Specific numbers. Plan names. Free-tier mention. This pattern gets lifted into AI answers when the buyer asks anything about cost.
The reason for the duplication — tables are extracted on table-shaped prompts. Plain text is extracted on natural-language pricing prompts. Both surfaces exist; cover both.
Block 5 — integration matrix
A second small table (or list) covering integrations specifically. Top 10 to 15 integrations, columns for “Native” / “Via Zapier” / “Not supported” per product.
This block is cited on integration-shaped prompts — “does Asana integrate with Salesforce” — which are a meaningful share of B2B SaaS prompt volume. In our measurement, comparison pages with an integration matrix earn 18-24% more total citations because they capture this adjacent prompt cluster.
The matrix has to be specific. Listing “Slack” with no specificity loses to listing “Slack (native, two-way sync).” The model cites the descriptive cell.
Block 6 — named-user quotes
Two to four pull-quotes from named buyers, each with their role and company size visible. “Real users say” sections without named attribution are skipped — the model cannot verify them, so it does not cite them.
What gets cited.
“Asana scales better past 30 users — we hit Monday’s complexity ceiling at month 8.” — Maria Chen, Head of Product, 60-person fintech.
Name, role, company-size context. The quote is short, specific, and committed to a viewpoint. Engines cite these as standalone snippets.
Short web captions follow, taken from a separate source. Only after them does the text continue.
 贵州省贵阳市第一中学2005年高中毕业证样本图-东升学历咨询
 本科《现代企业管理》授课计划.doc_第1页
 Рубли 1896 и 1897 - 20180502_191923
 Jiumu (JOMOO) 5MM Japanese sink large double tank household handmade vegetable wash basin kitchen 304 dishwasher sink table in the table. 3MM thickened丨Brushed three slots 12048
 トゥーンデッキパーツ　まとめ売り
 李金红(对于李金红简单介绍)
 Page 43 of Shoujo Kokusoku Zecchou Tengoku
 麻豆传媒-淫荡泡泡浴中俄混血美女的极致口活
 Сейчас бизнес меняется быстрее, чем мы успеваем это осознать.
Three to four quotes is enough. Pages with 15+ quotes look like testimonial walls and get less citation, not more — the signal-to-noise drops.
What to avoid
Hedging. “Both tools are excellent — it really depends on your needs.” Pages that refuse to name a winner earn roughly 60% fewer comparison-prompt citations in our data. Commit to a verdict. Qualify it.
Equal-airtime fairness. A page that gives X and Y exactly 50/50 word count feels balanced and produces no citations. Engines want a sharper take. Give the winner slightly more depth and the loser an honest but tighter treatment.
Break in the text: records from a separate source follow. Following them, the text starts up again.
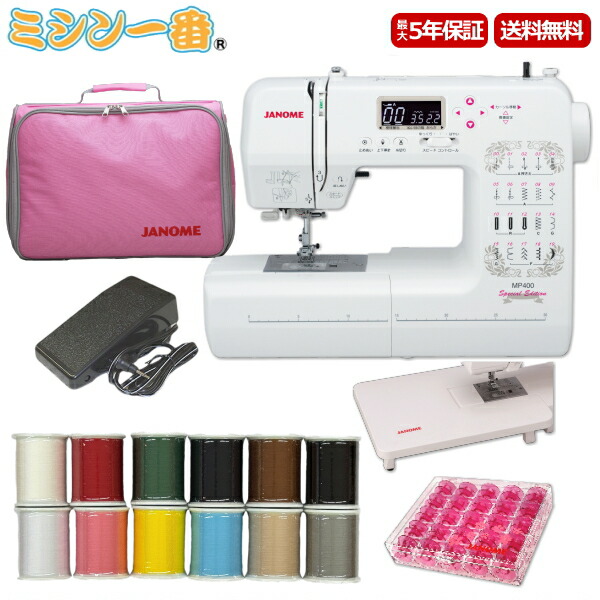 楽天市場】＼2,000円OFFクーポン配布中／ ミシン ジャノメ MP400SE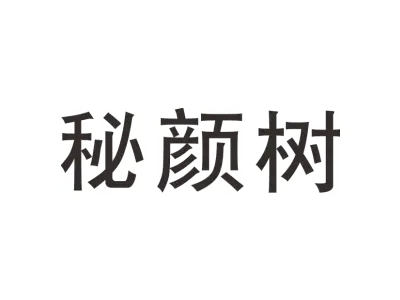 秘颜树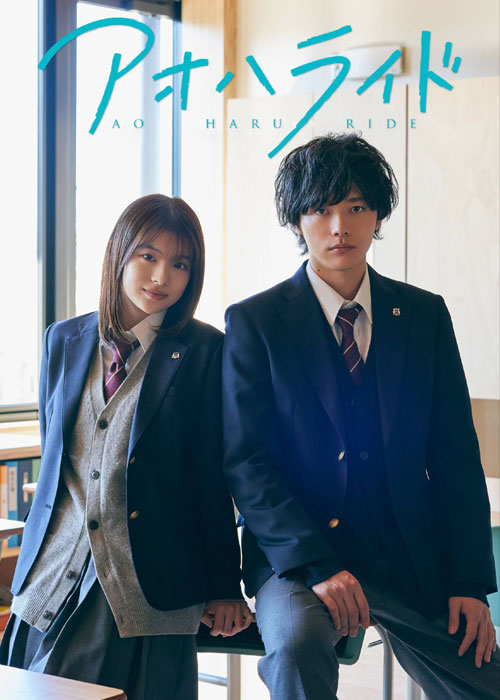 دانلود سریال Ao Haru Ride 2023-2024 گردش در بهار آبی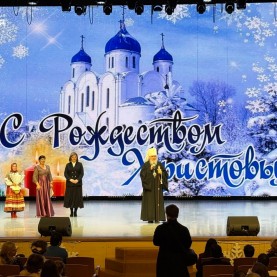 Рождественская ёлка Калужской епархии.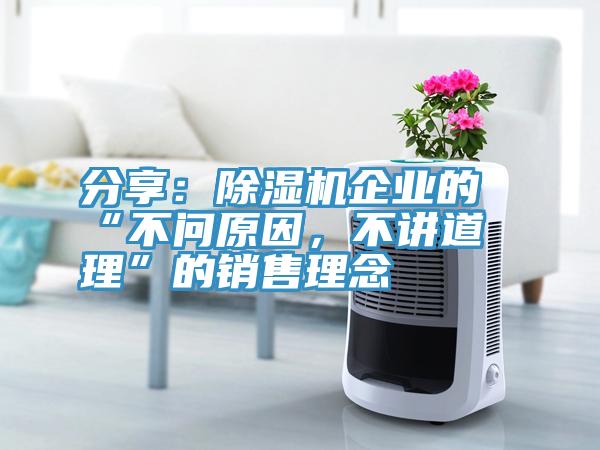 分享：MR.好色破解版企业的“不问原因，不讲道理”的销售理念
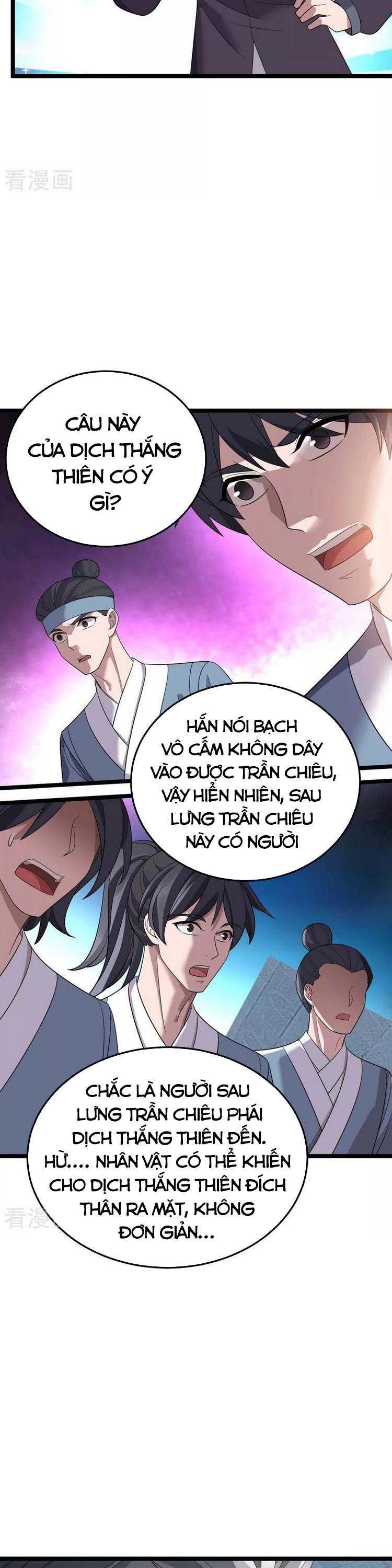 đọc truyện Chúa Tể Tam Giới Chương 192 ảnh 17 tại Thiên Thai Truyện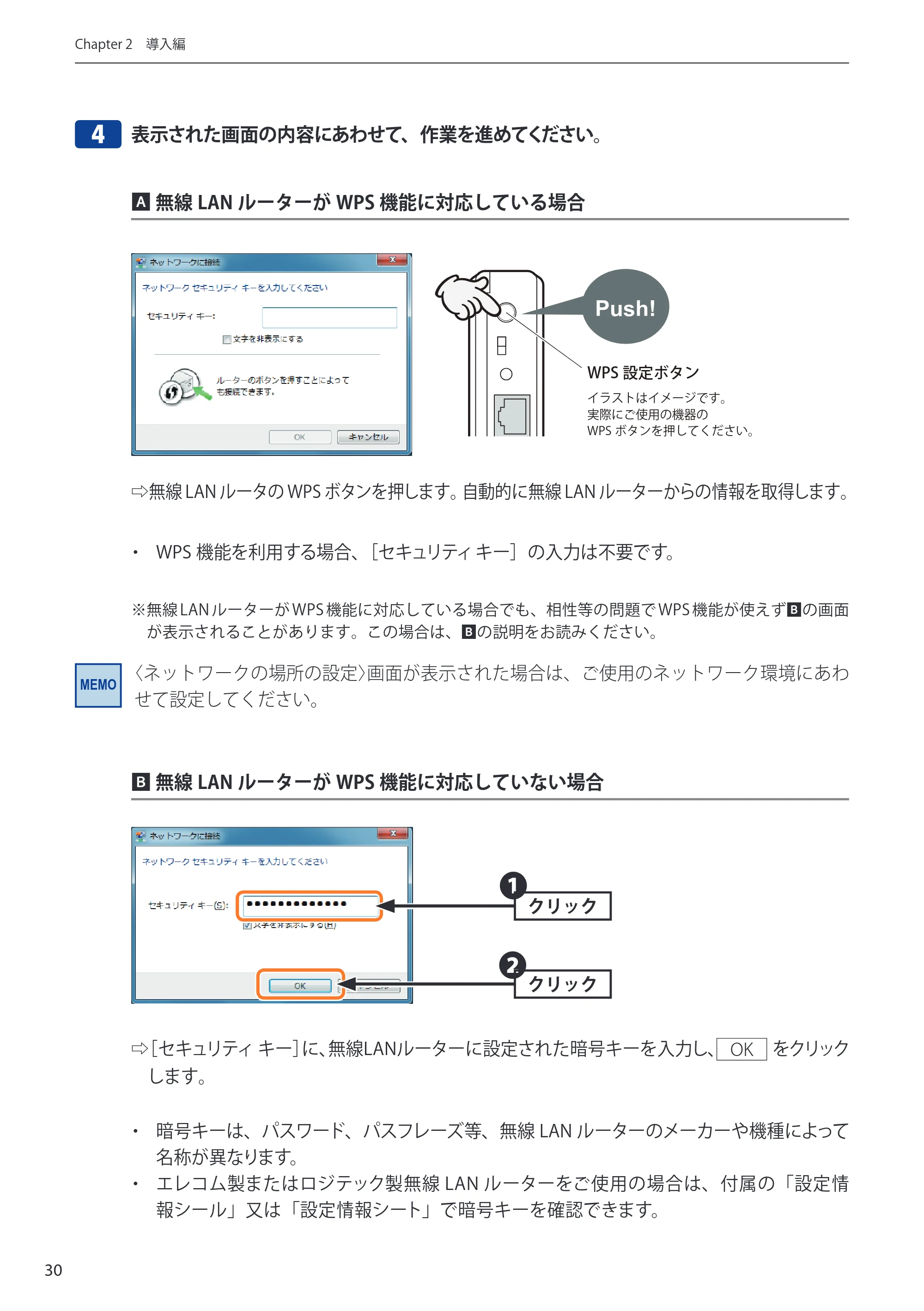 エレコム WDC-433SU2M2BK / WDC-433SU2M2WH 4.ユーザーズマニュアル(Windows版) — 4 表示された画面の内容にあわせて、作業を進めてください。 — 原本ページ — 30ページ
Stale pricing. Comparison-page half-life sits around 30 days in our measurement — much shorter than evergreen content. Pricing and feature changes happen constantly. Pages that go 90 days without a refresh get dropped. Wire them into the refresh cadence rhythm at the highest cadence.
Tables only, no prose. Tables alone do not earn citations on natural-language comparison prompts. The prose blocks (Verdict, When-to-Choose, named quotes) capture the longer-tail prompts. Both layers earn citations on different prompt shapes.
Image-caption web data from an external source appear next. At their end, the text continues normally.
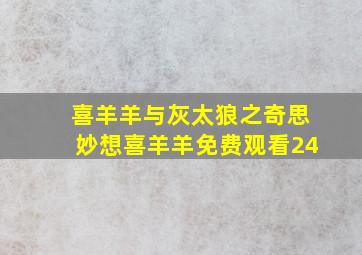 喜羊羊与灰太狼之奇思妙想喜羊羊免费观看24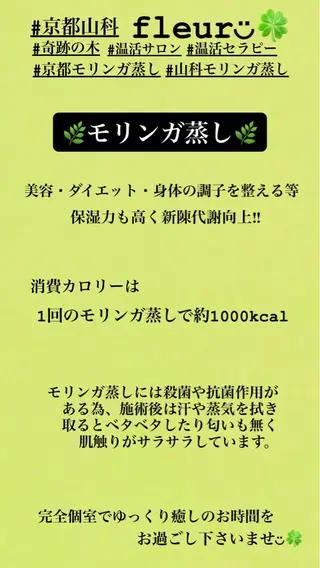 🍀fleur🍀 杉浦のエステ・リラクイメージ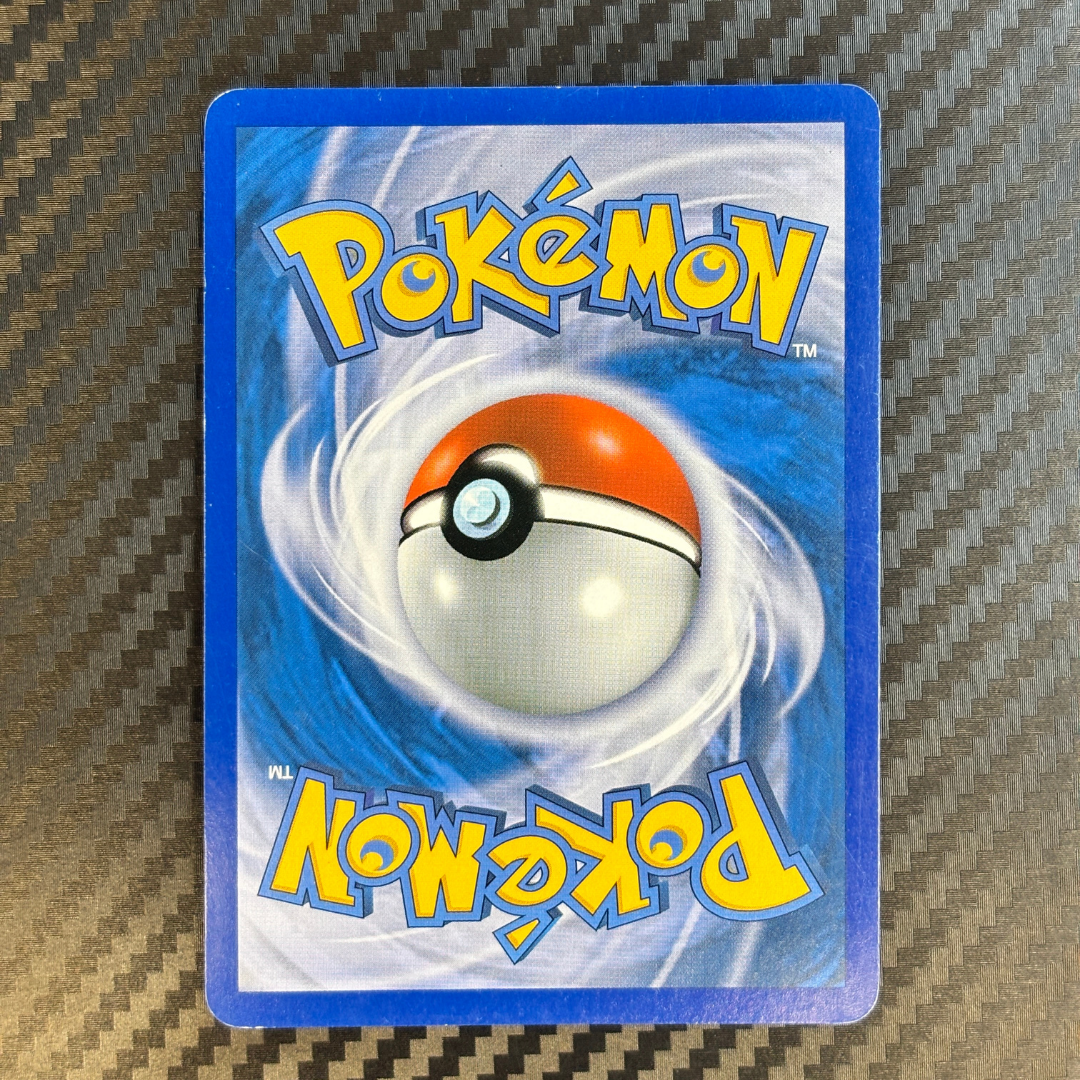 Mentali 4/95 Appel des légendes – EXC+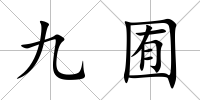 九囿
Putting the blocks together
A comparison page that does all six blocks lands at 1,800 to 2,500 words. That feels long for a comparison page by 2022 standards. It is the new normal — and the structure rewards the length, because each block earns citations on a different prompt cluster.
If you only have time to ship three blocks, ship the verdict-first paragraph, the head-to-head table, and the when-to-choose blocks. Those three carry roughly 75% of the citation potential we measure.
For the underlying retrieval-and-rerank mechanics that explain why comparison pages perform this well in LLM answers, see AI source selection. The verdict-first paragraph is exactly the snippet-extractability pattern in that piece, applied to the comparison-page format.